▶ Supplied records

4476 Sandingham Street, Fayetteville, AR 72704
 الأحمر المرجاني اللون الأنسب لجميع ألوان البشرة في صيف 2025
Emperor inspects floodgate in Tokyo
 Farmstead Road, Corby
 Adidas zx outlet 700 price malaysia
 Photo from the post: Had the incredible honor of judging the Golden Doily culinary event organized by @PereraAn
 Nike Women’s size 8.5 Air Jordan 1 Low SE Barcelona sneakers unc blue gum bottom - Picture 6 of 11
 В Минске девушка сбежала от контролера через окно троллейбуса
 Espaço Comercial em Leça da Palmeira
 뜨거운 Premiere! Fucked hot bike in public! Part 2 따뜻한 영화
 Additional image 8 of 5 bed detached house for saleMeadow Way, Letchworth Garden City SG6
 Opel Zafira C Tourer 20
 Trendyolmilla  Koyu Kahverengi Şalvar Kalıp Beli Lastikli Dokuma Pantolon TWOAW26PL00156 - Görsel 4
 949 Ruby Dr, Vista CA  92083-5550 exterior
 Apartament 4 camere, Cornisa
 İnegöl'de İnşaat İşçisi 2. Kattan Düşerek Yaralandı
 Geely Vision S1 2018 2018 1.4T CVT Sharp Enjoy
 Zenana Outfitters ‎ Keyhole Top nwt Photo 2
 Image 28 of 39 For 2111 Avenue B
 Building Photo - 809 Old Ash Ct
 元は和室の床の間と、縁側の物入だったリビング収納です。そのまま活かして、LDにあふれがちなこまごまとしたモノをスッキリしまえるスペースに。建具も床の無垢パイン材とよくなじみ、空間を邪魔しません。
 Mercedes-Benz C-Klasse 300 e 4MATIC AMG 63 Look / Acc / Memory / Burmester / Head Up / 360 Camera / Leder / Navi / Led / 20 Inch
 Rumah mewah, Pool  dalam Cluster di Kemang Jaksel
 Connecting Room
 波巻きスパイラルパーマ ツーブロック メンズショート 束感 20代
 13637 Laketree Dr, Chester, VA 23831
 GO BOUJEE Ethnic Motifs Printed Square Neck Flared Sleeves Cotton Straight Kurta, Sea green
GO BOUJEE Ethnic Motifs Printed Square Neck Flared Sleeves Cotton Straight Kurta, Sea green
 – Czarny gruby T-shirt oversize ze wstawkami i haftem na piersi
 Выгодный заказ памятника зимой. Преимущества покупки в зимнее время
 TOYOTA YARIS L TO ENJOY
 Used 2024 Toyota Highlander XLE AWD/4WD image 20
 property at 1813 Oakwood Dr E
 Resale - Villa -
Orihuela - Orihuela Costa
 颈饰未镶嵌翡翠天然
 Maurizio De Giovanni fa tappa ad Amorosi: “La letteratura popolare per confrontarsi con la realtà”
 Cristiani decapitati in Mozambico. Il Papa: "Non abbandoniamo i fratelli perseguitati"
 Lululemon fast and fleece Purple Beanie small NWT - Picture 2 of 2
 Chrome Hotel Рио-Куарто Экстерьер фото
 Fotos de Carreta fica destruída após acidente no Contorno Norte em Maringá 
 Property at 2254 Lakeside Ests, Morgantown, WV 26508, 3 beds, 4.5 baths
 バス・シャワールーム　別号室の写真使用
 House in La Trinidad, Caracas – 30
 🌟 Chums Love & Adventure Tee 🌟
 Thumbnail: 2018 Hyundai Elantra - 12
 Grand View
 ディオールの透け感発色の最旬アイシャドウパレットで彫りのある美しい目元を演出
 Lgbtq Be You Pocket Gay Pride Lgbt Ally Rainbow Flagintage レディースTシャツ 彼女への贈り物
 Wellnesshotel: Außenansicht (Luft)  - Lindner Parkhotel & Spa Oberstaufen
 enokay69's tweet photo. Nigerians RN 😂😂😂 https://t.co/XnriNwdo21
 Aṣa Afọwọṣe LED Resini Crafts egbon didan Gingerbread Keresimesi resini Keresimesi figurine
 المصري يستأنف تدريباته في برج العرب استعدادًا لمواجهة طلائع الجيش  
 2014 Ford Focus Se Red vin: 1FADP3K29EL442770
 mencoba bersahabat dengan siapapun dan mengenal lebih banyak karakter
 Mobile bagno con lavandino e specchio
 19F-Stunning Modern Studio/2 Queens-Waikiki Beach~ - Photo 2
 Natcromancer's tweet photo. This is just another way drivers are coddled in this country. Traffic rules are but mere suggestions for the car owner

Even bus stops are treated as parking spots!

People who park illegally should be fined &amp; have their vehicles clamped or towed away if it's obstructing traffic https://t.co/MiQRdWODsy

▶ Problem description
Up to and including the line with "Photo from the", print every line of the records from the start.

▶ Task answer
4476 Sandingham Street, Fayetteville, AR 72704
 الأحمر المرجاني اللون الأنسب لجميع ألوان البشرة في صيف 2025
Emperor inspects floodgate in Tokyo
 Farmstead Road, Corby
 Adidas zx outlet 700 price malaysia
 Photo from the post: Had the incredible honor of judging the Golden Doily culinary event organized by @PereraAn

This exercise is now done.